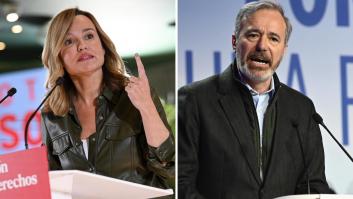 Cara a cara entre Pilar Alegría y Jorge Azcón por las elecciones de Aragón 2026: horario y dónde ver en directo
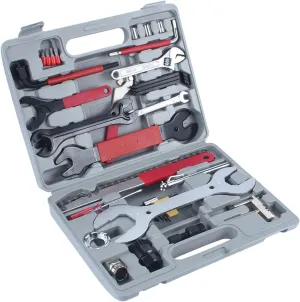 Repair Multi Tools, Multifunctional Repair Multi Tool Kit Screwdriver Freewheel Remover Chain Whip Headset Wrench for Mountain, Tool Kits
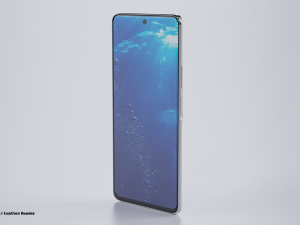 honor 50 se 3D Model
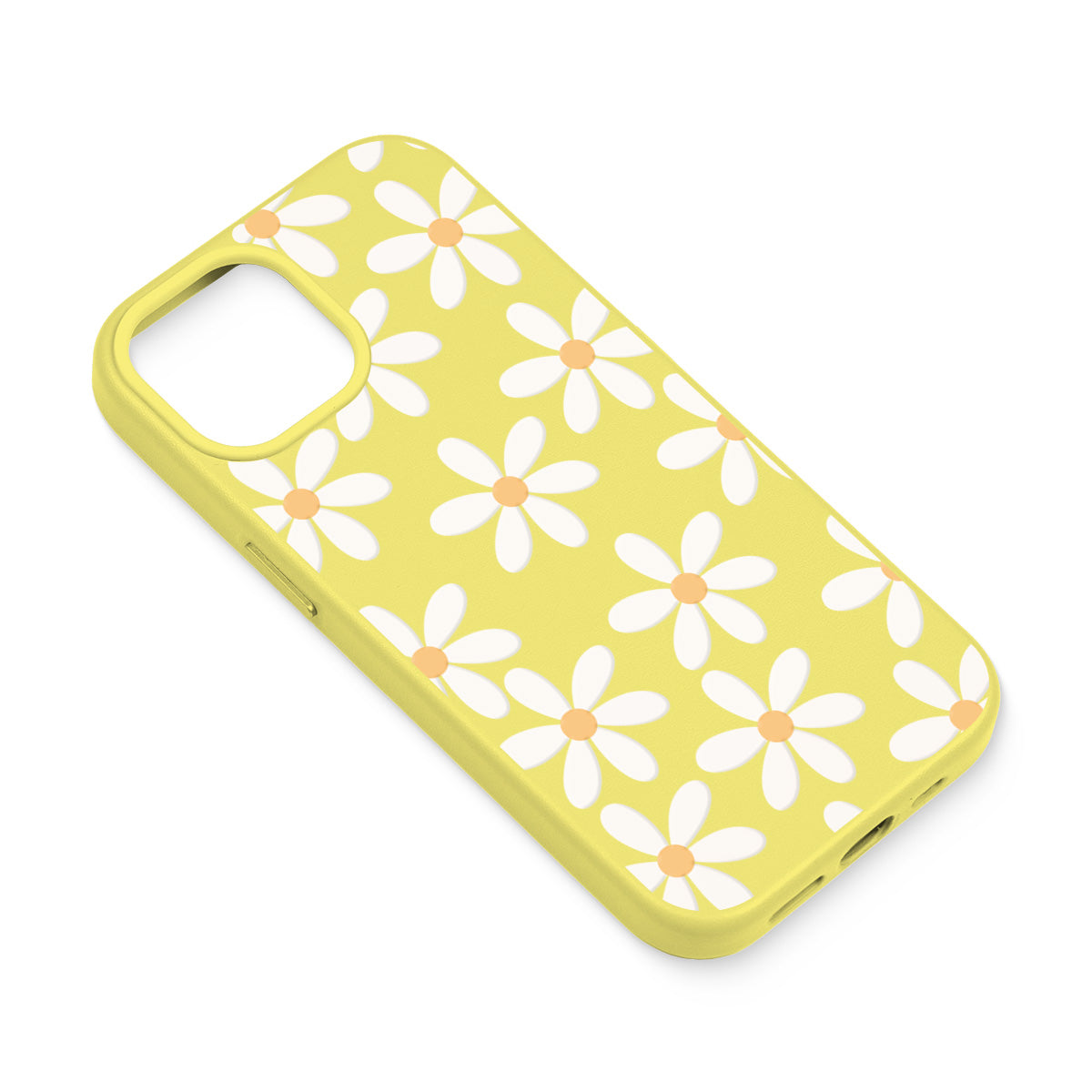 Sunny Daisies Leather MagSafe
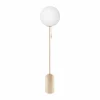 Sale Globen Lighting Torrano golvlampa Travertin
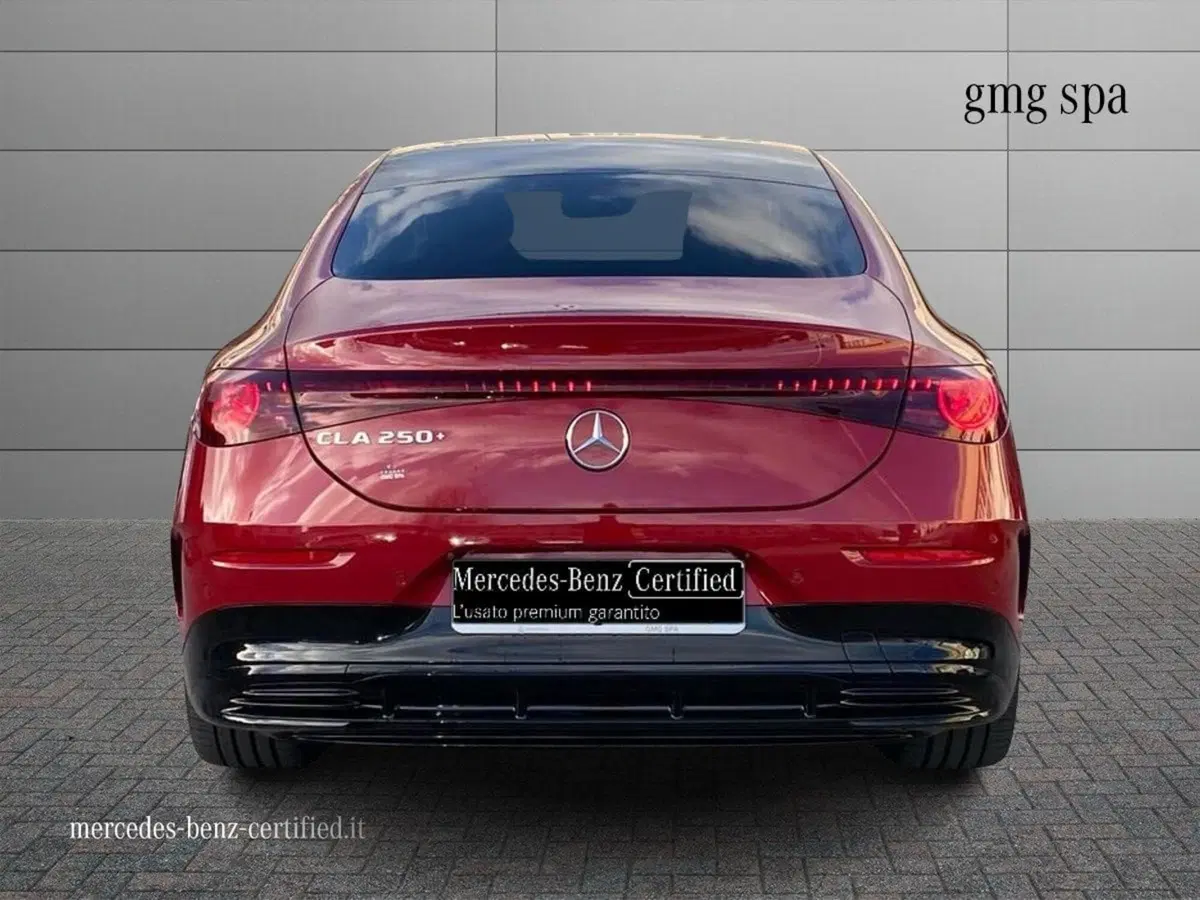 Mercedes-Benz CLA EQ usata a Firenze (4)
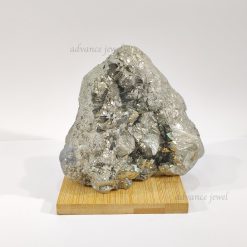 紫晶簇(鍍銀)木座擺件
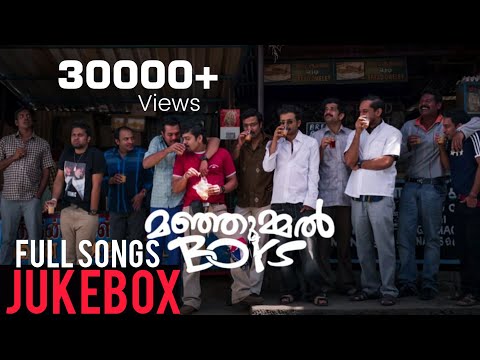 Must-Listen Manjummel Boys Song Jukebox | Soubin Shahir | Shushin Shyam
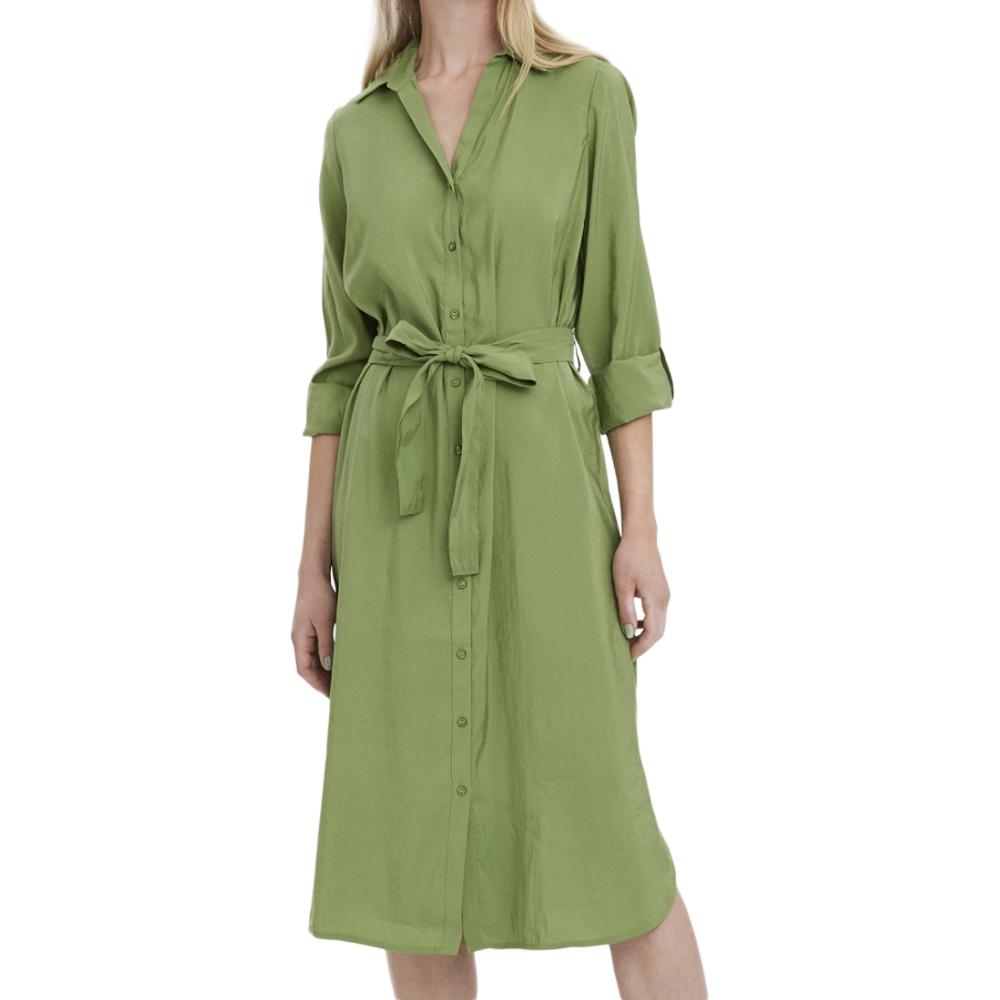 Vero Moda Robe Verte Femme Vero Moda 10278794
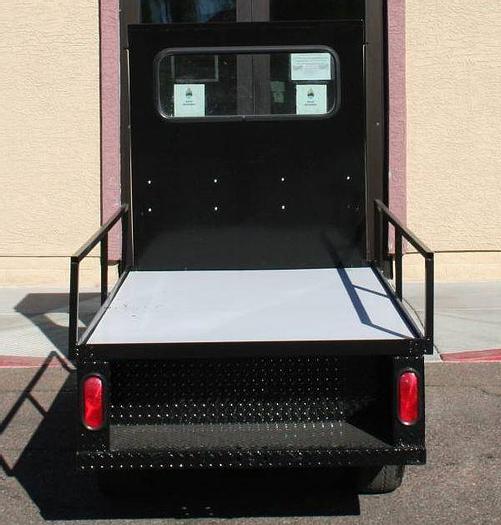 Used 2001 Taylor Dunn Cart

* _What you are asked to do_
Output the lines above in full and exactly as given, omitting any pictures.

* _Answer space_
 Cara a cara entre Pilar Alegría y Jorge Azcón por las elecciones de Aragón 2026: horario y dónde ver en directo
 Repair Multi Tools, Multifunctional Repair Multi Tool Kit Screwdriver Freewheel Remover Chain Whip Headset Wrench for Mountain, Tool Kits
 honor 50 se 3D Model
 Sunny Daisies Leather MagSafe
 Sale Globen Lighting Torrano golvlampa Travertin
 Mercedes-Benz CLA EQ usata a Firenze (4)
 紫晶簇(鍍銀)木座擺件
 Must-Listen Manjummel Boys Song Jukebox | Soubin Shahir | Shushin Shyam
 Vero Moda Robe Verte Femme Vero Moda 10278794
 Used 2001 Taylor Dunn Cart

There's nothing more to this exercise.